Task to carry out – Write out the entries below exactly. End with the line that contains "Erkek Siyah Beyaz".
++++ Source material ++++
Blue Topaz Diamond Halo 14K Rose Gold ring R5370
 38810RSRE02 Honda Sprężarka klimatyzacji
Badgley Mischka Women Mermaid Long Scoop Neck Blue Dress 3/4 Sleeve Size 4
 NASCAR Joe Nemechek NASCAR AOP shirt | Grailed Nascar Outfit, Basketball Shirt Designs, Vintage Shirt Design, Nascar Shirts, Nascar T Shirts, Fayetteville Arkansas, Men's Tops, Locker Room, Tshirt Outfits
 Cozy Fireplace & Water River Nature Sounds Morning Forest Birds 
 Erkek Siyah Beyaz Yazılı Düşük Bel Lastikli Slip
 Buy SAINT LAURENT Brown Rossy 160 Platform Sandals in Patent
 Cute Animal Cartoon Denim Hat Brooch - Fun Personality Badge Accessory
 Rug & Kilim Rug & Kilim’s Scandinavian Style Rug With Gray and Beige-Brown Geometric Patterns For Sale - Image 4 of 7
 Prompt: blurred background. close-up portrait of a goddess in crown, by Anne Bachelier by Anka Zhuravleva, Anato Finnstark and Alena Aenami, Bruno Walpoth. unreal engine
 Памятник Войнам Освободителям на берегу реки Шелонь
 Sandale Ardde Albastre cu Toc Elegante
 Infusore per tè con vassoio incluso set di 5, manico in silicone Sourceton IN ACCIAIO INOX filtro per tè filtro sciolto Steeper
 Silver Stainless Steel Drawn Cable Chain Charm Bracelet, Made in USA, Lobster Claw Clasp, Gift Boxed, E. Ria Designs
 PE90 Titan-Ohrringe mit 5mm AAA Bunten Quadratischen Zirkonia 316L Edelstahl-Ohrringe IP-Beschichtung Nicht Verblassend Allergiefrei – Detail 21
++++
Written reply –
Blue Topaz Diamond Halo 14K Rose Gold ring R5370
 38810RSRE02 Honda Sprężarka klimatyzacji
Badgley Mischka Women Mermaid Long Scoop Neck Blue Dress 3/4 Sleeve Size 4
 NASCAR Joe Nemechek NASCAR AOP shirt | Grailed Nascar Outfit, Basketball Shirt Designs, Vintage Shirt Design, Nascar Shirts, Nascar T Shirts, Fayetteville Arkansas, Men's Tops, Locker Room, Tshirt Outfits
 Cozy Fireplace & Water River Nature Sounds Morning Forest Birds 
 Erkek Siyah Beyaz Yazılı Düşük Bel Lastikli Slip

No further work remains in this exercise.